The task: Beneath this instruction is a block of data; output from it exactly the lines that run from the one containing "Component Video" through the one containing "Skechers Work Max", inclusive.

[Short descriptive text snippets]
BEGIN
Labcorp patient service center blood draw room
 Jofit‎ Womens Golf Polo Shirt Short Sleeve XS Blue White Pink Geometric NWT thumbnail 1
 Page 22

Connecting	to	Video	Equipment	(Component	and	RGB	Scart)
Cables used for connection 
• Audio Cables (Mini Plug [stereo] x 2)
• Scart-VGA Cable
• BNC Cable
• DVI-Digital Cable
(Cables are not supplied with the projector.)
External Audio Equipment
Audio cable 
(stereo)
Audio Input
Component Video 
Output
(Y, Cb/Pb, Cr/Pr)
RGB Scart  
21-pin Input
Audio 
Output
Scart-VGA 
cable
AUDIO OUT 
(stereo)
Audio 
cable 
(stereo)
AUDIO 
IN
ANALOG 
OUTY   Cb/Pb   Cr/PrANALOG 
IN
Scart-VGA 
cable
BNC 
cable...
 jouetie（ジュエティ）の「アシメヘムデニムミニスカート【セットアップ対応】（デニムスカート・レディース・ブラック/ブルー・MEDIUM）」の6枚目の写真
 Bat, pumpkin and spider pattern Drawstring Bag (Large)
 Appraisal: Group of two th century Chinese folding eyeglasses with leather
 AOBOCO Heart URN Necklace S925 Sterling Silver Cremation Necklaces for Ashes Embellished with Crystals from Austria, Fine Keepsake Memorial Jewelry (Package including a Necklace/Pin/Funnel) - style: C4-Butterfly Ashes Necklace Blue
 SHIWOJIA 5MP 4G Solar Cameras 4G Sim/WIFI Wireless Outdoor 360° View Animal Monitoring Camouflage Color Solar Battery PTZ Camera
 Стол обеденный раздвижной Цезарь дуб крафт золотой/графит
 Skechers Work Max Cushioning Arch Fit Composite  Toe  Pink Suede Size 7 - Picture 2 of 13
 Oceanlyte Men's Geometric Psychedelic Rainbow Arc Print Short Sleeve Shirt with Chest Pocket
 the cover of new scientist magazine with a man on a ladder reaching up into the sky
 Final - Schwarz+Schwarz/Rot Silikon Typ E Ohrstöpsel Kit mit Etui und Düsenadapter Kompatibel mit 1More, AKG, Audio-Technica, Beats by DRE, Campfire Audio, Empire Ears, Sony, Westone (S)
END
Written answer:
Component Video 
Output
(Y, Cb/Pb, Cr/Pr)
RGB Scart  
21-pin Input
Audio 
Output
Scart-VGA 
cable
AUDIO OUT 
(stereo)
Audio 
cable 
(stereo)
AUDIO 
IN
ANALOG 
OUTY   Cb/Pb   Cr/PrANALOG 
IN
Scart-VGA 
cable
BNC 
cable...
 jouetie（ジュエティ）の「アシメヘムデニムミニスカート【セットアップ対応】（デニムスカート・レディース・ブラック/ブルー・MEDIUM）」の6枚目の写真
 Bat, pumpkin and spider pattern Drawstring Bag (Large)
 Appraisal: Group of two th century Chinese folding eyeglasses with leather
 AOBOCO Heart URN Necklace S925 Sterling Silver Cremation Necklaces for Ashes Embellished with Crystals from Austria, Fine Keepsake Memorial Jewelry (Package including a Necklace/Pin/Funnel) - style: C4-Butterfly Ashes Necklace Blue
 SHIWOJIA 5MP 4G Solar Cameras 4G Sim/WIFI Wireless Outdoor 360° View Animal Monitoring Camouflage Color Solar Battery PTZ Camera
 Стол обеденный раздвижной Цезарь дуб крафт золотой/графит
 Skechers Work Max Cushioning Arch Fit Composite  Toe  Pink Suede Size 7 - Picture 2 of 13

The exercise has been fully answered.